The dough is not usually baked in an oven but on a “sac” — a large, slightly convex hotplate that traditionally is heated with wood and coal. Recently, gas-fired sac stoves are being used to bake the dough. Skill is needed in working with the cast iron, too. In order to bake the dough evenly, the delicate sheet must be turned around and over constantly with a long wooden rod. Within a few minutes, a delicious bread speciality with the characteristic blisters and aromatic brown specks appears on the scorching hot plate.
Flour standardization
The quality of yufka depends very much on the flour used as well as the manual skill of the baker. The doughs must have high extensibility and must neither dry out nor tear or stick.
The following flour quality parameters are ideal for the production of yufka:
In practice, however, wheat lots with these values are not always available. In the artisan sector, Turkish bakers try to compensate for deficiencies in the raw material by making manual adjustments to the preparation of the dough. But in industrial production, the bakeries are much more dependent on standardized flours with defined baking properties. Therefore, in the milling and baking industries, the use of enzymes and additives is becoming increasingly common. By specifically upgrading the raw material, it is possible to produce tailor-made flours that both improve the quality of the finished product and simplify handling of the dough. Flour improvers specially designed for the production of flat bread increase the elasticity of the dough, intensify browning and improve machinability.

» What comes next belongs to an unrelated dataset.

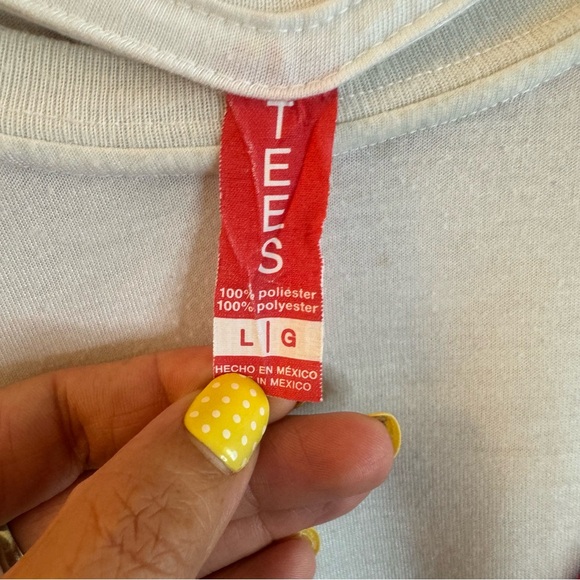 Tees Men’s Short Sleeve Round Neck White Tricolor Mickey Mouse Tee Size Large - Picture 7 of 7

The following is an overview of the problems most often encountered in the production of yufka, and possible approaches to a solution:
Problem: The flat bread does not achieve the required radius; the dough springs back.
Possible cause: Unsuitable flour quality. Both flours with a very high protein content and those with short gluten properties reduce extensibility.

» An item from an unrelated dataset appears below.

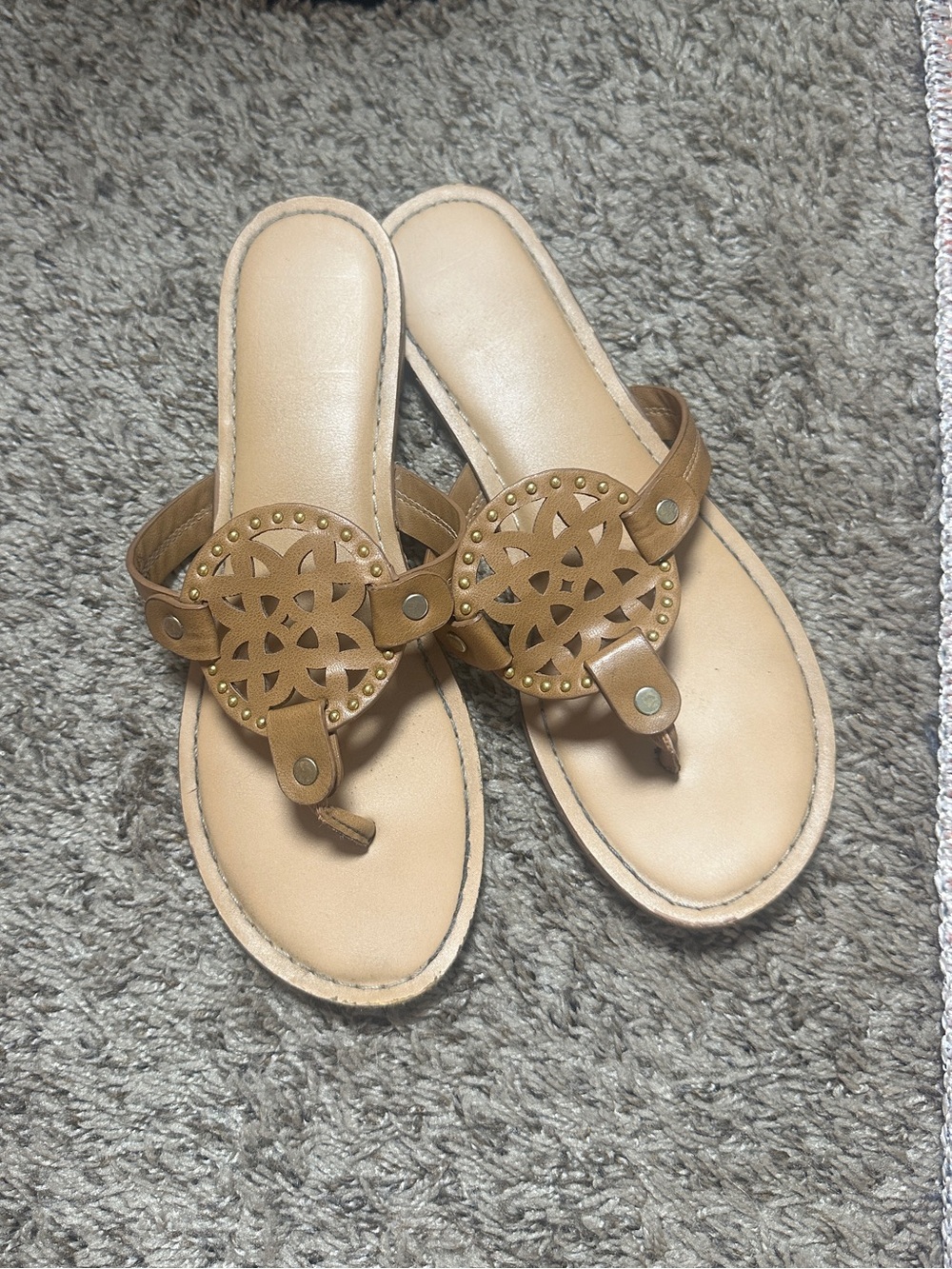 Dolce Vita Medallion Sandal 6.5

Solution: If the protein content is high, promote dough relaxation, for example with cysteine (e.g. EMCEsoft P10), xylanases (e.g. Alphamalt HC) and — if the Falling Numbers are also high — amylase (e.g. Alphamalt A 5070). For flours with a low protein content and short gluten properties, cysteine is often preferable. A higher extraction rate also results in softer gluten properties.
Problem: Inadequate browning.
Possible cause: Too little enzymatic activity in the flour.

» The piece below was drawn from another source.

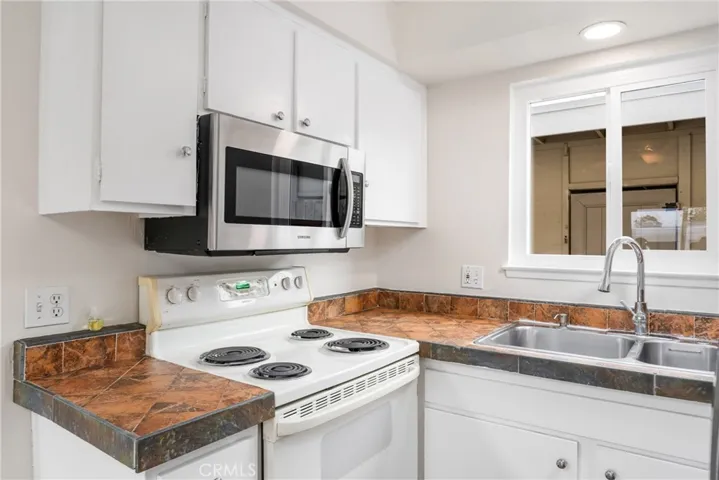 Chrome faucet, cabinet pulls, and appliances!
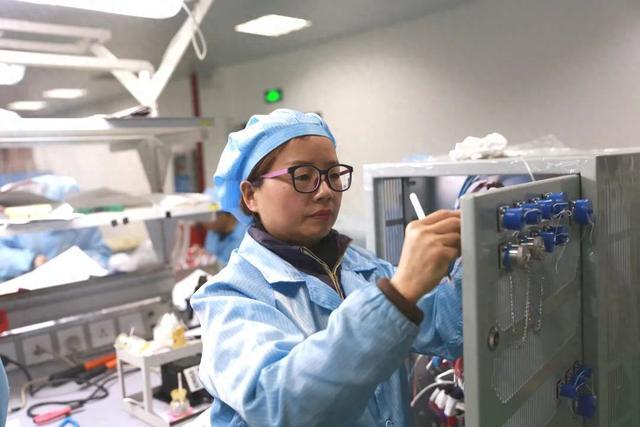 孝感三江万峰刘建波荣获全国三八红旗手称号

Solution: Increase the extraction rate and starch damage; add amylase (e.g. Alphamalt VC 5000) in order to boost the Maillard reaction and browning.
Problem: Sticky doughs.
Possible cause: Too much added water; low water absorption capacity of the flour.
Solution: Reduce the extraction rate; add less water; reduce the surface moisture of the dough, for example by adding special xylanases (e.g. Alphamalt TTC) or lipases (e.g. Alphamalt EFX Swift).
Problem: Dough cracks when rolled out.
Possible cause: Dry dough; short, crumbly gluten (possibly due to heat-damaged wheat).
Solution: Use lipases (e.g. Alphamalt EFX) to strengthen the gluten structure; increase extensibility with cysteine (e.g. EMCEsoft P 10) or add vital wheat gluten (e.g. EMCEvit C).
Problem: Doughs dry out quickly.
Cause: Dry-baking flour; low water absorption.
Solution: Increase the smoothness of the flour (finer granulation, higher starch damage); add emulsifiers or xylanases (e.g. Leciflor 500 ER, Mulgaprime 90 or Alphamalt HC) to increase the lubricity of the dough.